** Provided entries follows **

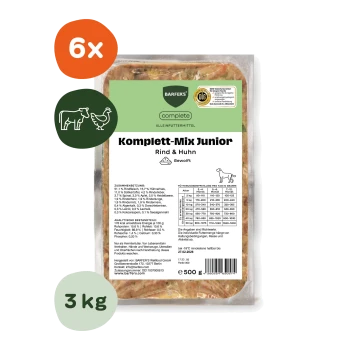 BARFER'S Komplett‑Mix Junior Rind & Huhn Tierfutterpackung, zeigt orangefarbenes '6x'-Symbol, grünes '3 kg'-Symbol und '500 g'-Etikett.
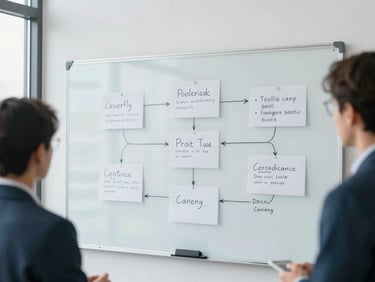Collaborative strategy session around a physical whiteboard with ad campaign flowcharts and notes, modern clean workspace, bright natural office light, cool blue and slate tones, sharp focus, 35mm lens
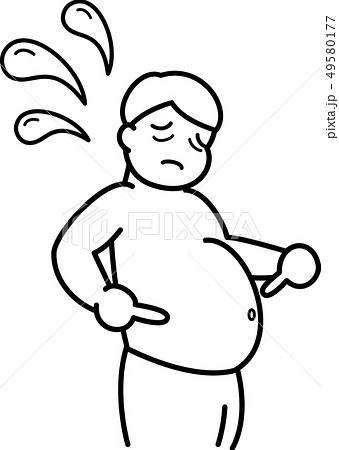 メタボの男性　汗　白黒ぬり絵 49580177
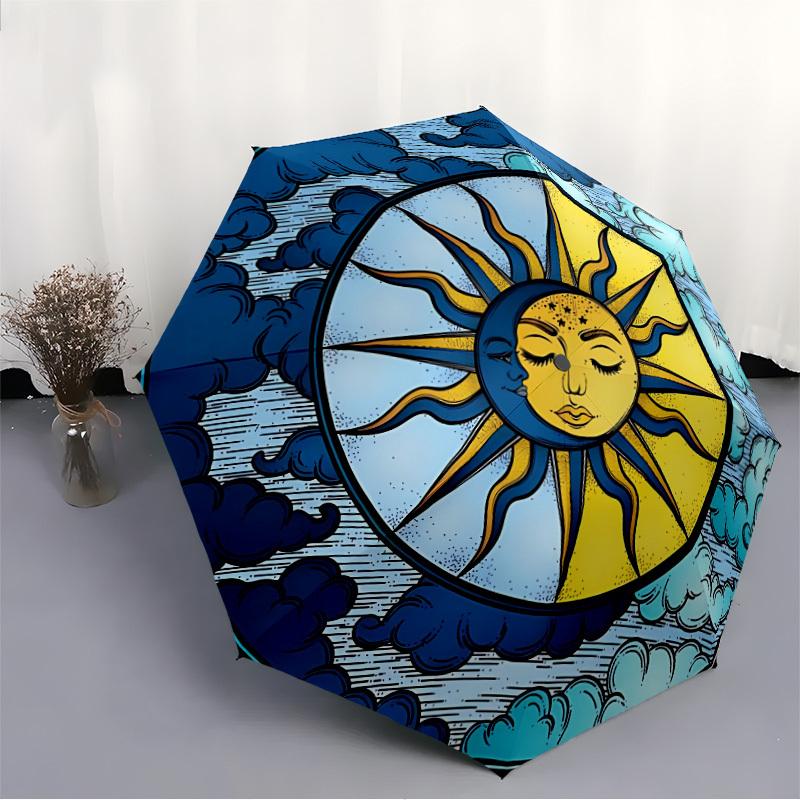 1pc Sun Moon Automatic Open/close Folding Compact Umbrella, 8-Rib Sturdy Canopy, Lightweight Portable, Everyday Use, Gift, Outdoor Umbrella, Travel Es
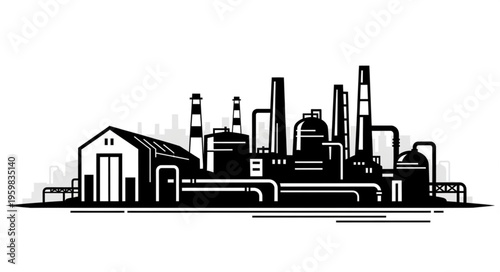 Industrial Complex Silhouette - A Detailed Black and White Illustration.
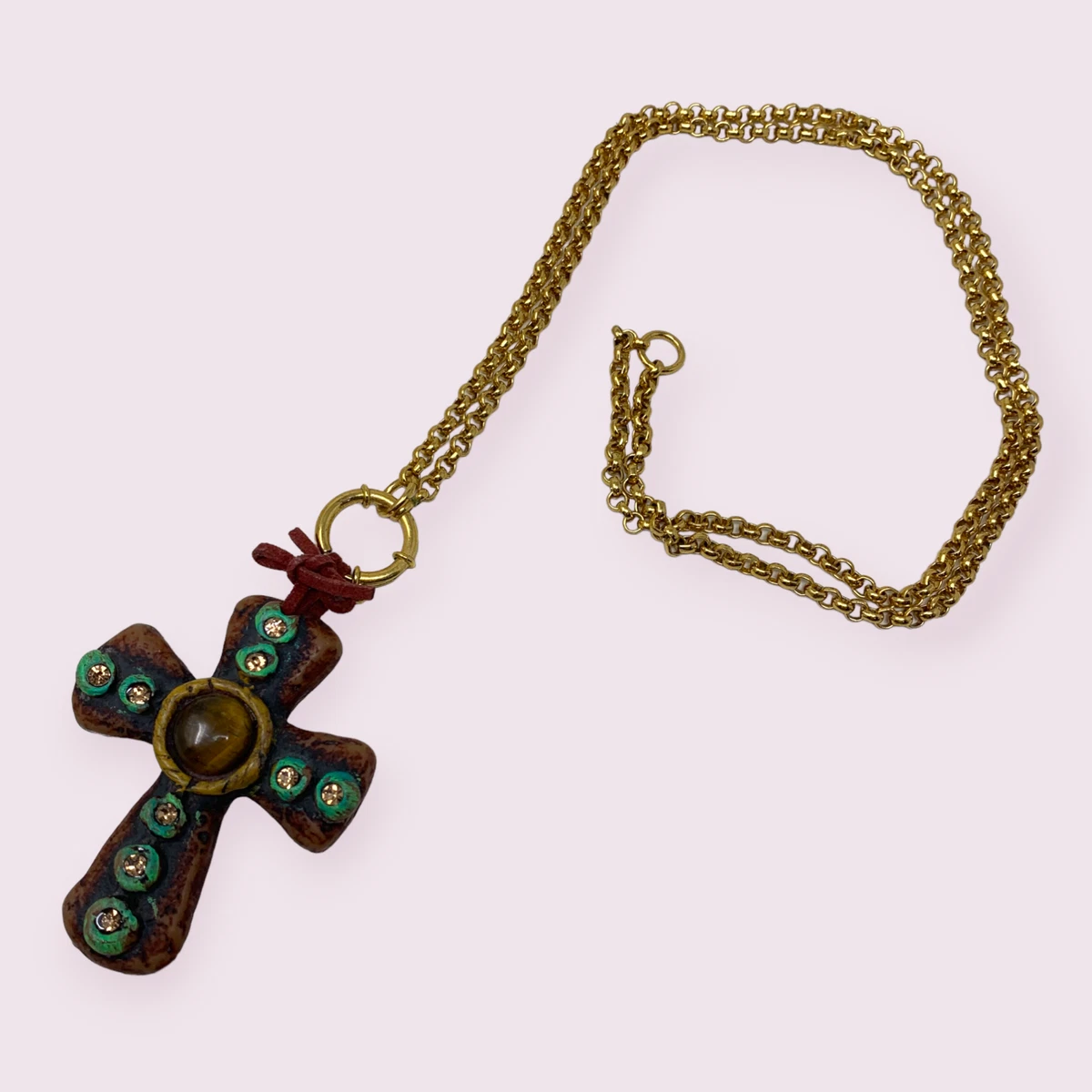 Vintage chunky cross necklace clearance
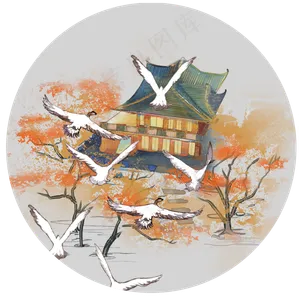 大雁宫廷水墨画,免抠元素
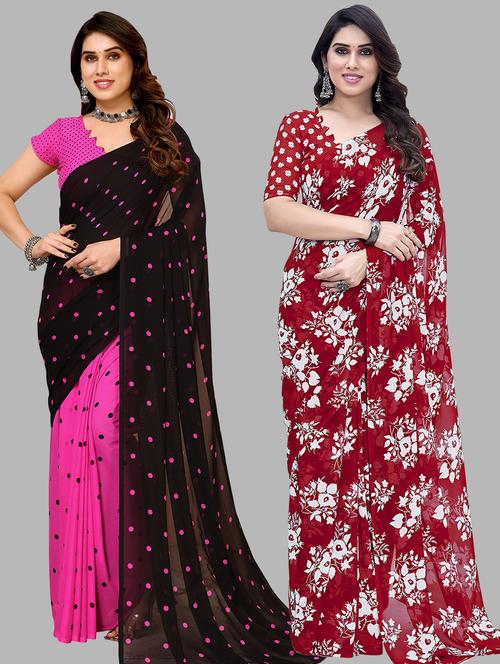 pack of 2 casual wear combo sarees with blouse - 21440766 - Very Small Image - 1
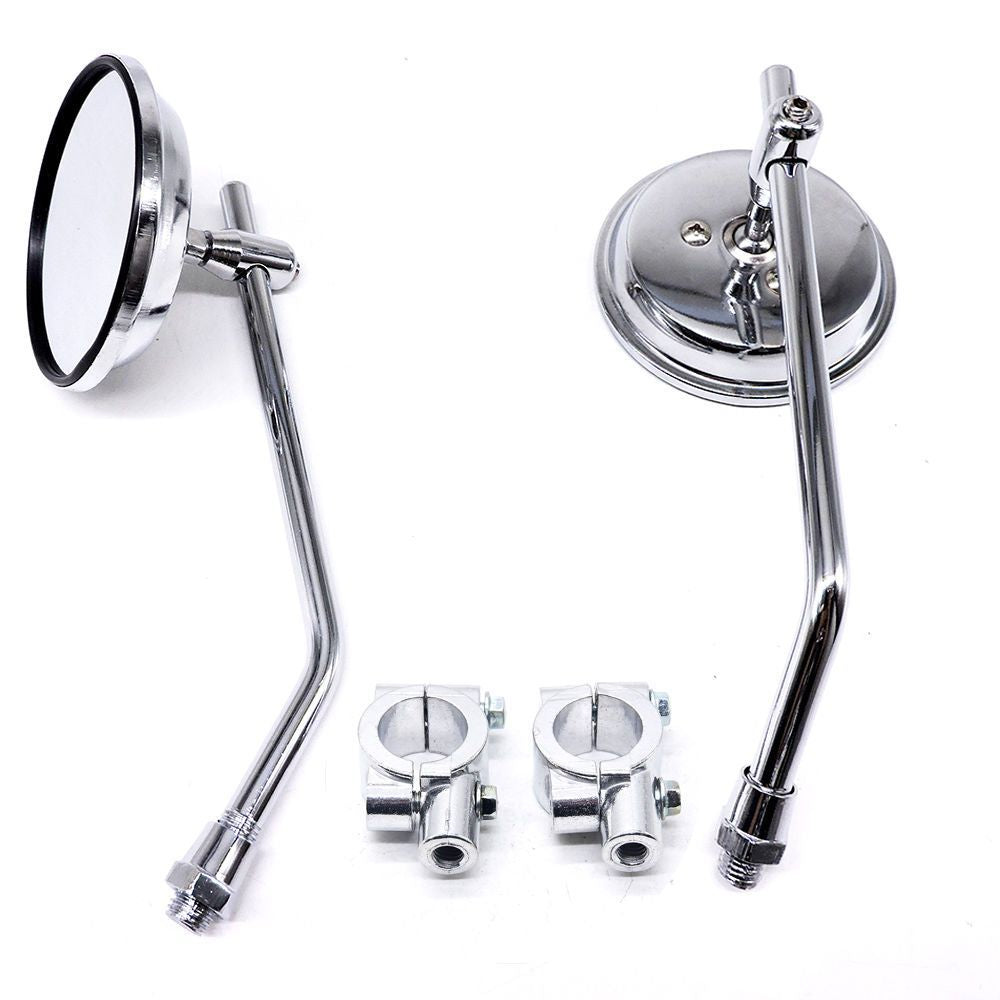 adjustable chrome motorcycle handlebar rearview mirrors with universal clamp mounts Kalsten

** End of Provided entries **

- About this exercise: Where an entry holds a picture, drop it and transcribe everything else exactly.

- Answer to this problem:
 BARFER'S Komplett‑Mix Junior Rind & Huhn Tierfutterpackung, zeigt orangefarbenes '6x'-Symbol, grünes '3 kg'-Symbol und '500 g'-Etikett.
Collaborative strategy session around a physical whiteboard with ad campaign flowcharts and notes, modern clean workspace, bright natural office light, cool blue and slate tones, sharp focus, 35mm lens
 メタボの男性　汗　白黒ぬり絵 49580177
 1pc Sun Moon Automatic Open/close Folding Compact Umbrella, 8-Rib Sturdy Canopy, Lightweight Portable, Everyday Use, Gift, Outdoor Umbrella, Travel Es
 Industrial Complex Silhouette - A Detailed Black and White Illustration.
 Vintage chunky cross necklace clearance
 大雁宫廷水墨画,免抠元素
 pack of 2 casual wear combo sarees with blouse - 21440766 - Very Small Image - 1
 adjustable chrome motorcycle handlebar rearview mirrors with universal clamp mounts Kalsten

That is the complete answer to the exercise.